The frequency response of an antenna can be broadened by using thicker radiators (eg. metal tubing or sheet) but this has obvious disadvantages for portable work. Increasing the numbers of radiators can also broaden the response. The X-antenna is made up of four telescopic rods, wired in pairs to form an X-shaped broadband dipole. Joining the far ends to form a sort of 'bow-tie', broadens the response still further but in practice its added complexity means it is not so appealing or reliable in this application.
Dipole, X-antenna and bow-tie
In the course of designing the portable antenna described here I experimented with the 3 basic 'dipole' antennas (the dipole, X-antenna and the bow-tie) to see how they compared. 2 telescopic rods were used to form a standard dipole but were found to be too short to be resonant on the 6m band directly (see results table below). 4 telescopic rods were used to form the X-antenna (a slightly squashed X) where the rods were connected in pairs. Finally the X-antenna rod tip-ends were connected together (using a pair of 50cm croc-clip jumpers) to form the bow-tie shaped antenna.

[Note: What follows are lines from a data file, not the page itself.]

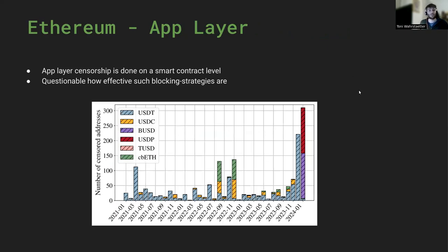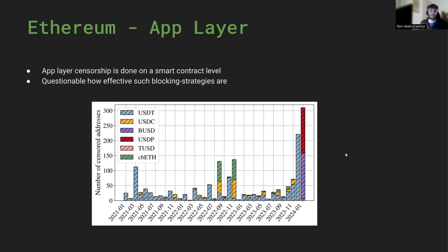Finally, there is the application layer. Every application is free to implement code that blacklists or freezes certain funds or blocks users from using the application. We could see that around the Tornado Cash sanctions, many applications — in this picture, stablecoins — started blacklisting certain users, while other stablecoins like Binance USD or USDP followed that approach later.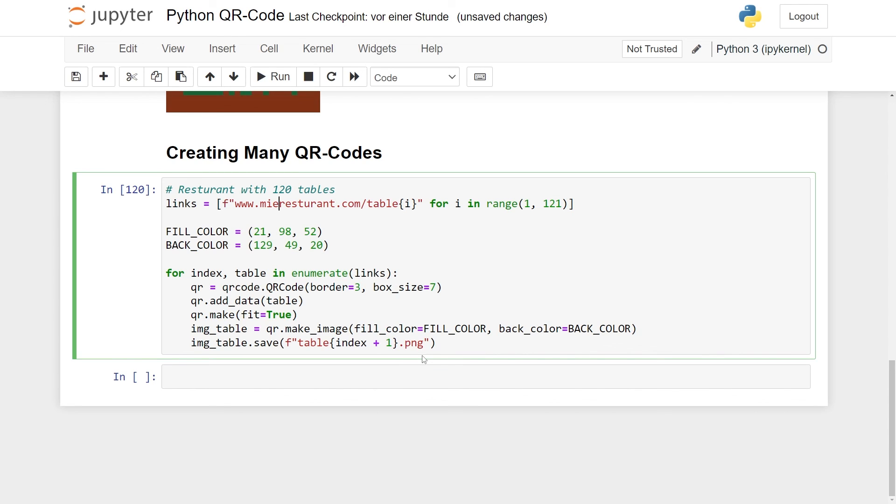So that's all I wanted to show you. I think generating QR codes in Python is really smooth and really easy. And I honestly think this is more or less everything you need to know to start generating QR codes in a really cool and awesome way. If you like the content we're providing here, then please like and subscribe, and I'll see you again in a future video.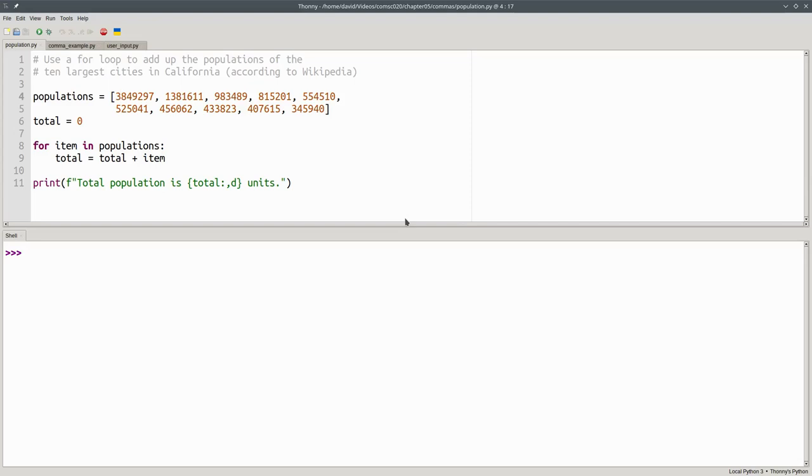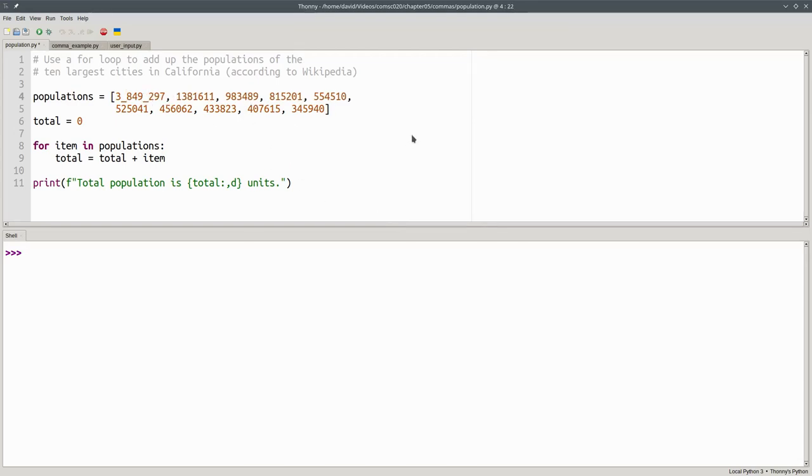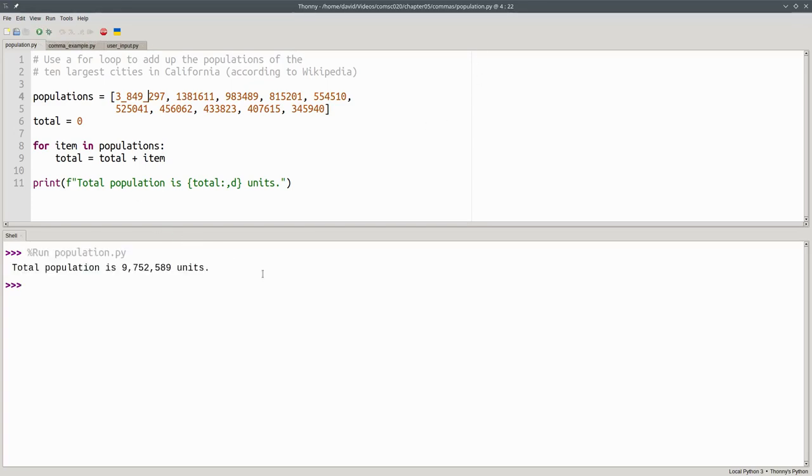Instead of using a comma as a separator, you can use an underscore. That makes the number somewhat more readable, and everything still works fine.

SWR measurements were used as a rough guide to see relative differences. In these simple experiments each antenna was tested in turn, placed in identical positions upon a tower (5m above the ground in a wide open space). The same coax feeder was used on each antenna, in turn, and measurements were made with an antenna analyser at the transceiver end of the antenna system. As the only experimental changes were with the antennas it was hoped that the SWR measurements would give useful relative comparisons between them.
The 3 antennas compared
The two tables below show typical SWR measurements for the 3 antennas. They show the trend in the shift in resonance (a, b and c – where the reactance was very small) and the broadening of bandwidth of each of the feeder-antenna systems as one goes from the basic dipole, to the X-antenna and finally to the bow-tie. As an arbitrary comparison I chose the bandwidth quoted here to be the range over which the SWR was 2:1 or less. SWR measurements like these are used as a rough guide to show relative difference between the antennas.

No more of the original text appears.